Questionando e enfrentando essas determinações, está um dos instrumentos jurídicos que vem rompendo grilhões, sendo fruto da luta e resistência do movimento negro em busca de reparação histórica, liberdade de ocupar, pertencer e por direitos e garantias. Aqui, falamos das cotas raciais, que hoje estão ameaçada. Ainda na perspectiva do motivo do protesto em 1860, que era ser contra uma lei que limitava a circulação de pessoas negras, nós temos que os ambientes educacionais também refletem a discriminação racial, de forma que existiam leis no Brasil que impediam a população negra de frequentar as escolas (anos de 1830). E hoje, apesar de não haver uma lei que coloque esses pontos diretamente como antes, nós temos visto outros instrumentos que impedem a população negra de estar nas universidades, como as barreiras territoriais, desigualdades socioeconômicas, violências, genocídio, entre outros.
Por isso, a existência de um instrumento que possibilite o ingresso de pessoas negras no ambiente educacional se torna fundamental. A Lei de Cotas Raciais (Lei 12.711/2012) surge com o objetivo de reduzir essas disparidades socioeconômicas, políticas e territoriais históricas entre pessoas negras e brancas, em especial, nos espaços educacionais. A permanência e o aprimoramento desse instrumento são essenciais para uma mobilização que reverta o quadro de anos de desigualdade e violências. Entretanto, após 10 anos, em seu processo de reavaliação, ao invés de nos depararmos com um amadurecimento do tema, com a integração das cotas com outras pautas raciais, socioeconômicas e territoriais e até mesmo expandir o olhar das cotas para profissionais da educação, reitoria, entre outros espaços de tomada de decisão nas universidades, voltamos a presenciar o questionamento a respeito da sua eficácia.
Argumentos que se pautam na perspectiva racista e na desinformação estão sendo revividos. As cotas raciais não só impulsionaram a criação de outras ações afirmativas no Brasil, que buscam combater e reduzir desigualdades históricas em diferentes prismas, mas proporcionaram mudanças significativas no ambiente educacional e, concomitantemente, no ambiente corporativo. Nas universidades, por exemplo, as cotas garantiram o acesso à educação superior, além de proporcionar representatividade nesses espaços. No que toca o mercado de trabalho, as empresas precisam estar atentas à discussão, porque ela influencia no desiquilíbrio racial dentro do ambiente corporativo. Isso porque só conseguimos avançar na agenda de diversidade e inclusão nas empresas, só conseguimos falar sobre retenção de talentos negros e de metas de contratação de lideranças negras, porque lá atrás foi feita uma mobilização para que as pessoas negras ocupassem o ambiente educacional, implicando na formação de diferentes profissionais em áreas distintas.

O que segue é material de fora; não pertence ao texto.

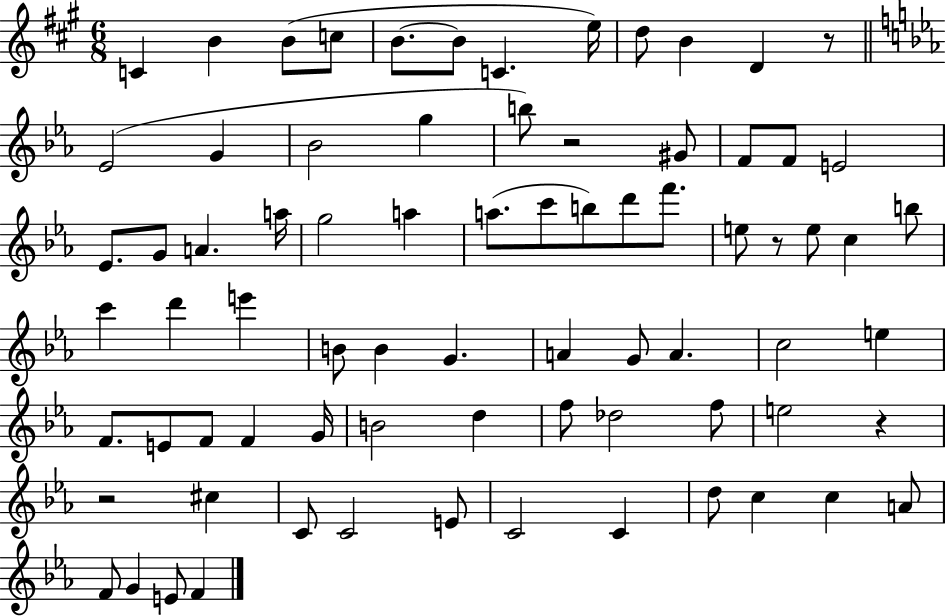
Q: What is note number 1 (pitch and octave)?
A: C4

A ausência de diversidade nas empresas não se dá apenas pela não contratação, ela começa muito antes: começa com as pessoas negras e outras diversidades não concluindo o ensino fundamental, não conseguindo ingressar nas universidades, ou tendo que escolher entre trabalhar e estudar. E isso deriva de todo um contexto social desfavorável e desleal que vai refletir no mercado de trabalho. Desta forma, vale destacar que hoje nós temos pessoas negras formadas em toda e qualquer área que pudermos imaginar e isso só foi possível porque houveram instrumentos que possibilitaram essa realidade, como é o caso das cotas.

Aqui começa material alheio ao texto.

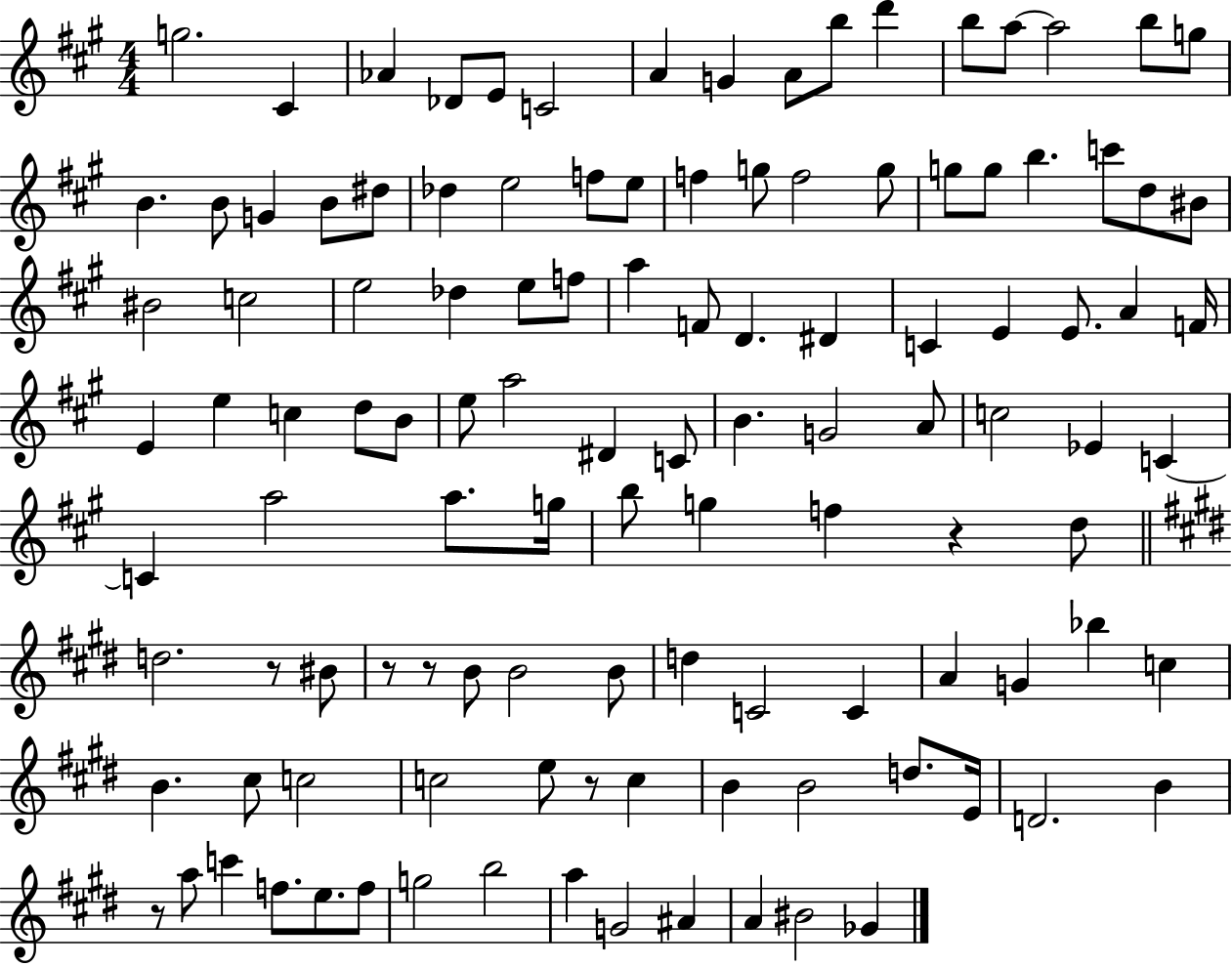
{
  \clef treble
  \numericTimeSignature
  \time 4/4
  \key a \major
  g''2. cis'4 | aes'4 des'8 e'8 c'2 | a'4 g'4 a'8 b''8 d'''4 | b''8 a''8~~ a''2 b''8 g''8 | \break b'4. b'8 g'4 b'8 dis''8 | des''4 e''2 f''8 e''8 | f''4 g''8 f''2 g''8 | g''8 g''8 b''4. c'''8 d''8 bis'8 | \break bis'2 c''2 | e''2 des''4 e''8 f''8 | a''4 f'8 d'4. dis'4 | c'4 e'4 e'8. a'4 f'16 | \break e'4 e''4 c''4 d''8 b'8 | e''8 a''2 dis'4 c'8 | b'4. g'2 a'8 | c''2 ees'4 c'4~~ | \break c'4 a''2 a''8. g''16 | b''8 g''4 f''4 r4 d''8 | \bar "||" \break \key e \major d''2. r8 bis'8 | r8 r8 b'8 b'2 b'8 | d''4 c'2 c'4 | a'4 g'4 bes''4 c''4 | \break b'4. cis''8 c''2 | c''2 e''8 r8 c''4 | b'4 b'2 d''8. e'16 | d'2. b'4 | \break r8 a''8 c'''4 f''8. e''8. f''8 | g''2 b''2 | a''4 g'2 ais'4 | a'4 bis'2 ges'4 | \break \bar "|."
}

A ausência e/ou o enfraquecimento dessa política afirmativa, coloca em cheque toda e qualquer mobilização de políticas de diversidade futuras nas empresas. Sendo assim, o Instituto Ethos, enquanto uma Organização da Sociedade Civil de Interesse Público (OSCIP), convida as empresas para participarem mais ativamente dessa discussão, para se aproximarem do tema e mais, para apoiarem a existência e a manutenção das cotas raciais como uma importante ação afirmativa de inclusão. O movimento em defesa, permanência e aprimoramento das cotas raciais acaba por dialogar diretamente com a luta pela eliminação da discriminação racial, uma vez que esse instrumento vem demonstrando relevância no combater às desigualdades (que são fruto desse racismo histórico). Se posicionar contra a discriminação racial, é estar a favor de ações afirmativas de inclusão, como as cotas raciais. As empresas são atores sociais importantes para não só fomentar e contribuir com essa discussão, mas para atuar na perspectiva de redução das desigualdades a partir do desenvolvimento de ações afirmativas, práticas e políticas de inclusão.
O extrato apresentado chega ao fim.